Quels sont les enseignements des nombreux exemples à l’étranger ?

Aucune expérience n’a montré une quelconque montée du communautarisme. La droite entretient là un fantasme. En France, toutes les études ont montré que le vote des enfants d’étrangers est d’abord un vote de classe : les plus insérés, ceux appartenant aux catégories les plus élevées, comme les Chinois entrepreneurs ayant acquis la nationalité française, ont un vote conservateur, tandis que les enfants d’étrangers, plutôt issus de la culture ouvrière, quand ils votent, se tournent en priorité vers le PS. En Belgique, aux Pays-Bas, le vote des étrangers non communautaires correspond à ce clivage. Et, en France, toutes les tentatives de candidatures «communautaristes» à des élections municipales ont échoué.

Manuel Valls a-t-il raison d’assurer qu’accorder ce droit ne serait «pas un élément puissant d’intégration» ?
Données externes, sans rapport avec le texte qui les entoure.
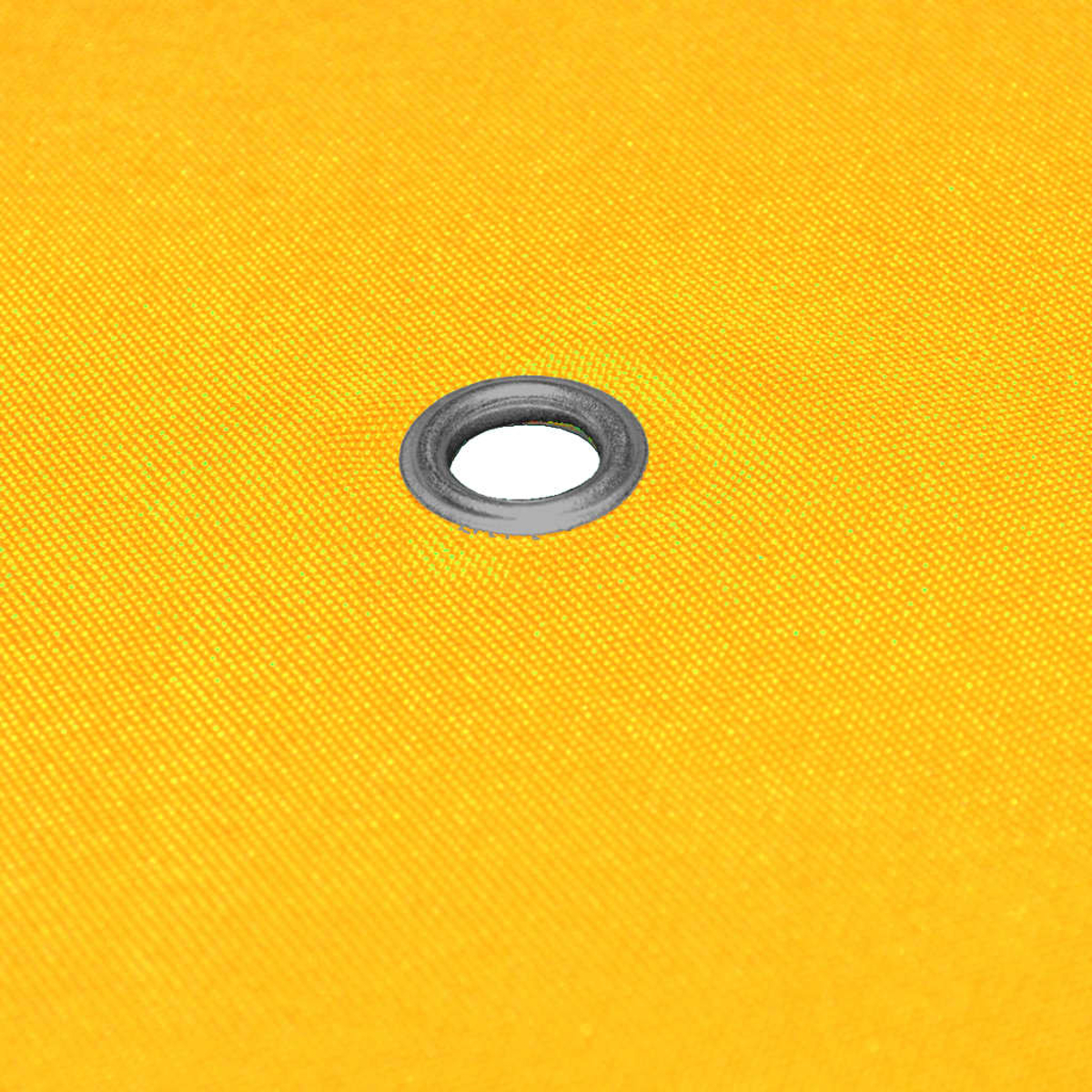 Un occhiello argentato su uno sfondo di tessuto giallo.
Cela peut mieux enraciner localement les étrangers dans les affaires qui les concernent. C’est tout le sens de la citoyenneté de résidence, fondée sur la participation aux affaires de la cité. Et n’oublions pas que cette mesure concerne d’abord des parents étrangers de citoyens français. Actuellement, ils ont de fait moins de droits que leurs enfants, ce qui ne renforce par leur autorité. Leur donner ce droit permettrait aussi d’inclure dans un processus de participation politique des populations qui vivent bien souvent l’exclusion au quotidien. De plus, quelle est la légitimité démocratique d’un maire quand celui-ci n’est élu que par une toute petite partie de sa population comme c’est le cas dans certaines villes de Seine-Saint-Denis ? Enfin, une vraie inégalité s’est créée entre Européens et non-Européens : un Algérien qui habite en France depuis trente ans a ainsi moins de droits qu’un Allemand qui est là depuis cinq ans.
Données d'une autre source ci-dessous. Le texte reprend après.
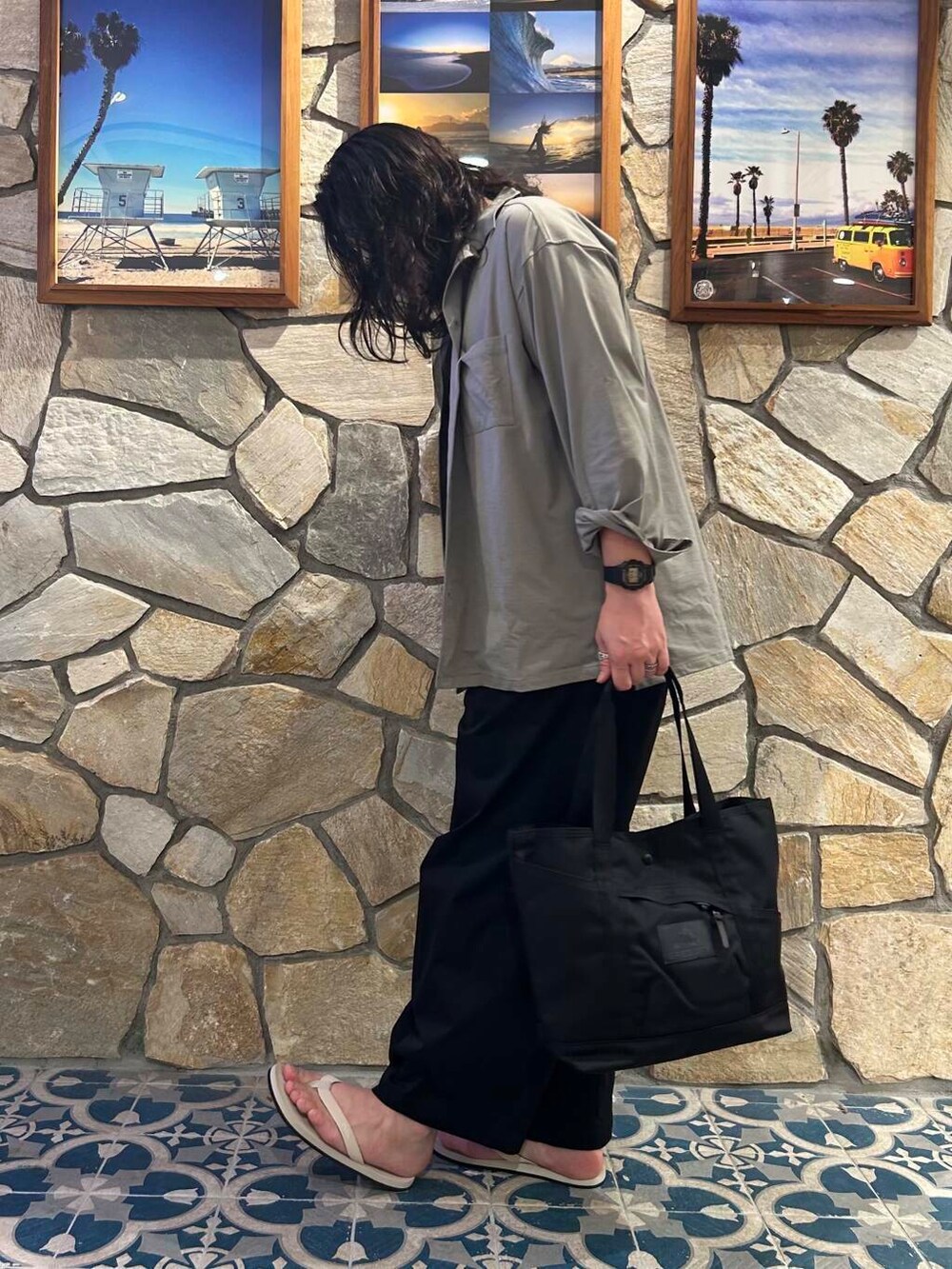 ホワイト系のサンダル、ブラック系のその他パンツ、ベージュ系のシャツ/ブラウスを着用したメンズの夏コーディネートの2枚目の写真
La droite insiste aussi sur la réciprocité…

Ceux qui s’accrochent à la réciprocité sont ceux qui défendent le lien entre nationalité et citoyenneté. D’un côté, il y a ceux qui se placent dans le droit fil de la Révolution française et de la Constituante, à laquelle de nombreux citoyens mais non français, comme Thomas Paine, ont participé. Et, de l’autre, il y a ceux qui sont dans l’héritage de la IIIe République, période où a été rendue indissoluble l’alliance entre le citoyen et le national, loin de la définition issue des Lumières. Manuel Valls appartient clairement à ce deuxième camp.